On a gorgeous Texas day in February (yes, we have those!), Arabella invited me over to learn some color dyeing techniques. She has a very high-tech operation going on in her kitchen:
Sometimes it’s nice to know that the practices from 10,000 years ago still work! Get a pot, get some water, get it hot, you can dye wool! Yes, that is a large aluminum mixing bowl set directly upon her electric stove burner, filled with water and roving. Do NOT boil the water, or you will end up doing something else that is 10,000 years old — Fulling. (You’ll have to click to get the rest of that story…)
The water should be hot, but not at all boiling or simmering.
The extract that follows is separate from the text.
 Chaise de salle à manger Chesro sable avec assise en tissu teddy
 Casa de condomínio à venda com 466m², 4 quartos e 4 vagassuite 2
Add some vinegar. When I asked Arabella how much vinegar, she moved her hand as if she were pouring out vinegar from a bottle, and she said, “I put glug, glug, glug.” Classic instructions! (Good news: you can’t really go wrong. So glug, glug, glug, and you’ll be fine!)
So far we have roving
we have the dye pot, some water, and some vinegar…..which makes delicious hot roving soup!
Now we mix the dyes. We used Jacquard acid dyes. Mix the powder with water in a jar according to package directions.
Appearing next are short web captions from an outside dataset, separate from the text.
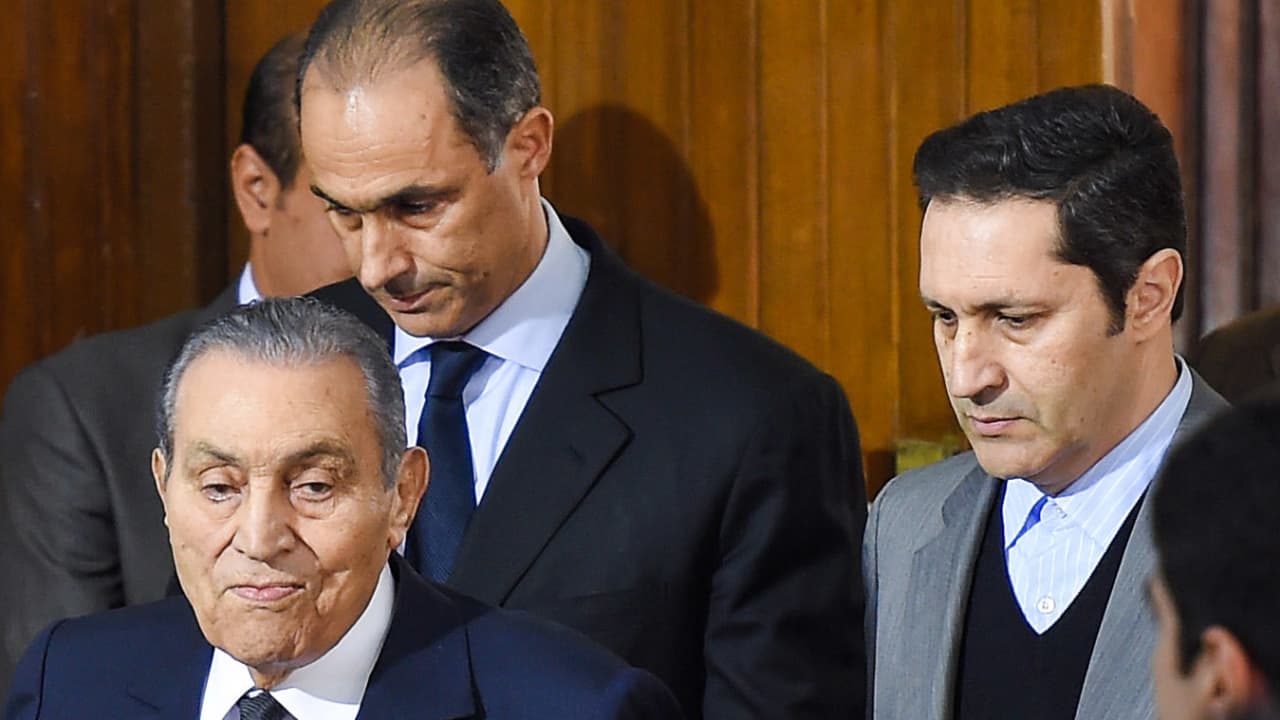 صورة أرشيفية لحسني مبارك ونجليه في محكمة مصرية في ديسمبر 2018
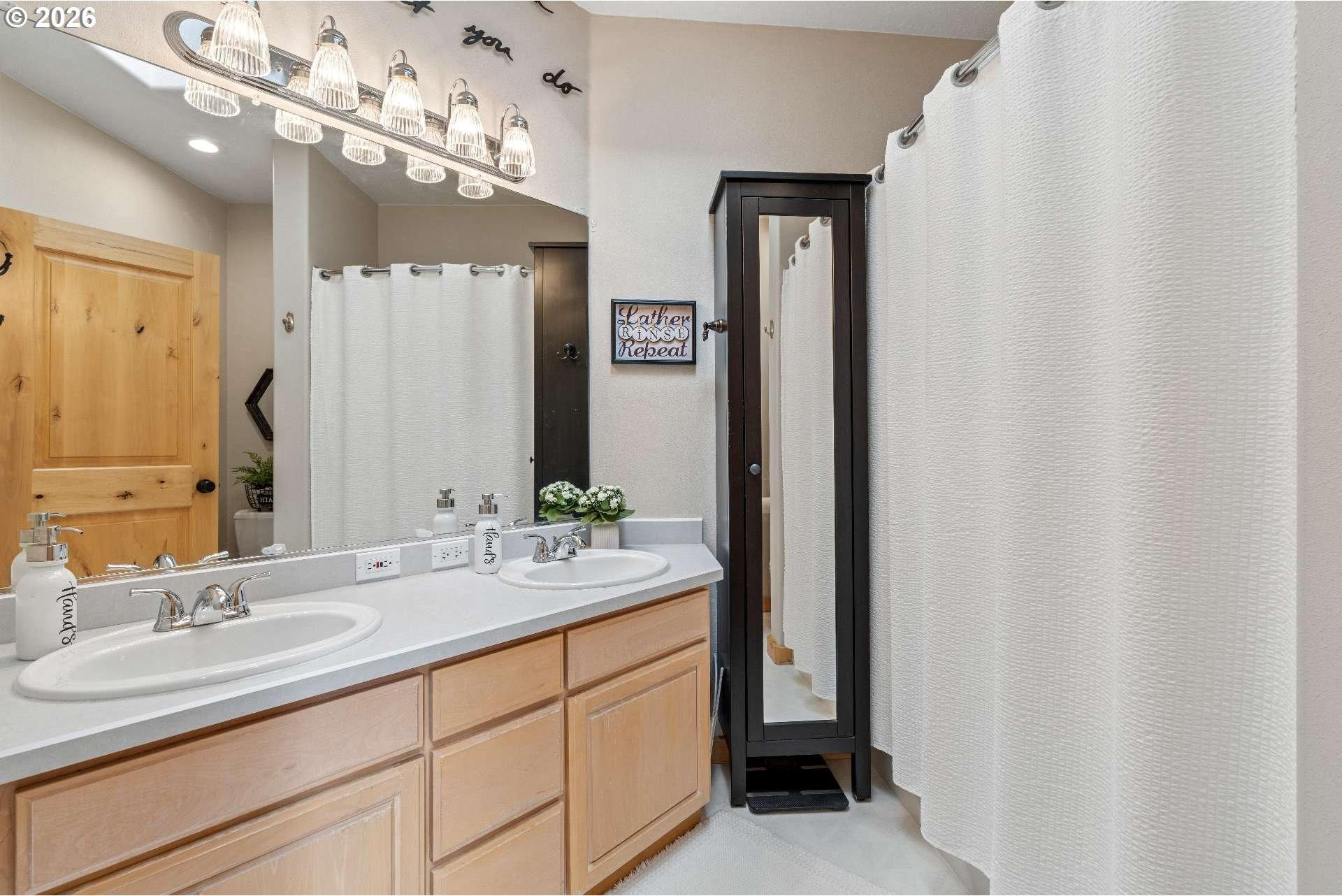 14660 Northwest Pioneer Road Beaverton, OR 97006 - Photo 25 of 34 Gallery Image 25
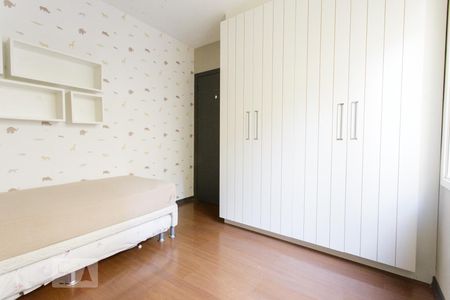 Quarto 2 de apartamento para alugar com 2 quartos, 71m² em Bela Vista, Porto Alegre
Remember your color wheel from high school art class? It still works! We used our primary colors yellow, red and blue.
With more high-tech tools such as a chopstick and syringe, add the dye and work it into the layers of roving by poking at them with the chopstick. You can also create additional colors by blending where the colors meet each other. Simply use the chopstick to move the roving a bit, adding more of whatever primary color you want to that area with the syringe. Stir a bit, and voila! new colors.
Let the roving soup sit on the stove until all the dye is absorbed into the roving. Like all things good, it takes a little doing before you’re going to feel like you’ve got it! Take the dyepot off the heat and let it cool down naturally. Once you can put your hands into the water, then rinse the roving a few times with the same temperature of water. You are rinsing out any unabsorbed dye, and the vinegar.
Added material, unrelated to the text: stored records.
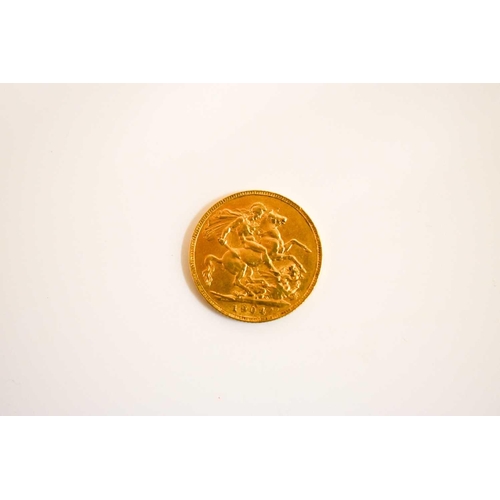4 - An Edward VII full gold sovereign dated 1904.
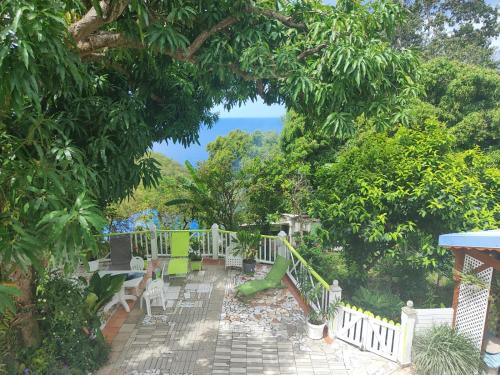 Mahaut House | Villa des fleurs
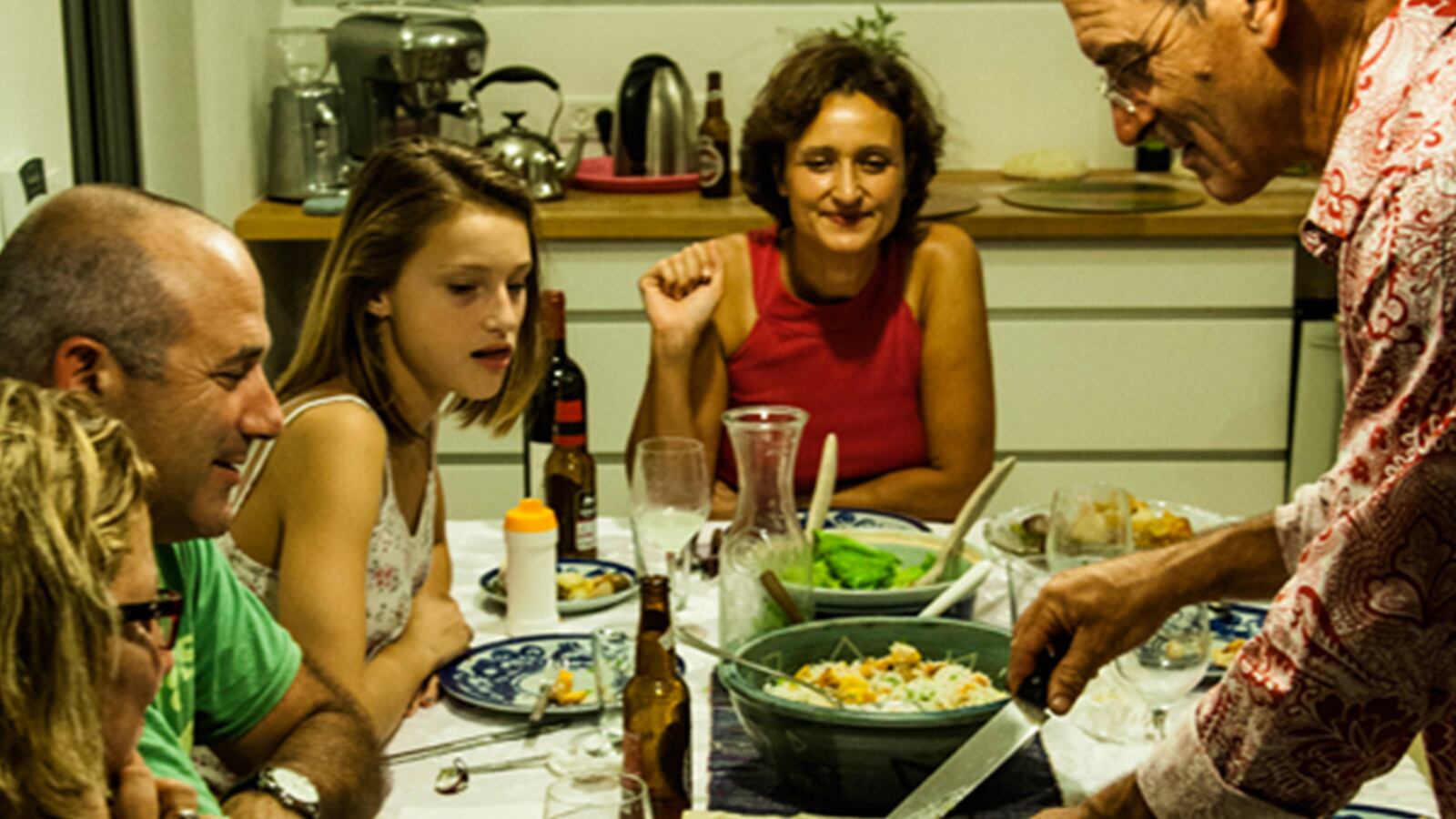 articles/2014/11/03/the-airbnb-of-home-cooked-meals/141102-hod-eatwith-tease_phixsz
Cooling and rinsing the roving is a S L O W process, and you should not be eager to hurry it up, or you can end up “shocking” the wool into felt! Once the roving is very cool, you can put it in the spin cycle of your washer (on cold!) to remove excess water. Then air dry.
Ahhh! I get it! Dyeing the wool before it is spun (i.e., dyed-in-the-wool) is the best way to ensure the color doesn’t fade once the wool is spun into yarn or thread, and then fashioned into a garment worn around town. The literal meaning of the phrase is simply a description of when the dye is added.
The phrase has evolved over time to mean something metaphorical as well. We use this expression “dyed-in-the-wool” to indicate a person who is committed to an ideal so deeply that it has become a permanent part of their being, as if they had been “dyed” that way prior to being “formed.” For example, I would say, “My dear Arabella is a dyed-in-the-wool romantic.”
Here, Arabella is rinsing some Corriedale roving that she dyed while it was “in the wool.”
I have been anxious to get my hands into the dye pot, and finally had opportunity at Arabella’s. She had received a 3-lb bump of lovely Corriedale, and shared a generous portion with me as a birthday present.
A “bump” is simply a bunch of roving, usually 1 to 3 pounds in weight.
Here is what our lovely and generous sheep might have looked like when the wool was still a part of him!
Gorgeous and generous sheep! They have been supplying us with fiber for our clothes, blankets, coverlets, coats and carpets for centuries!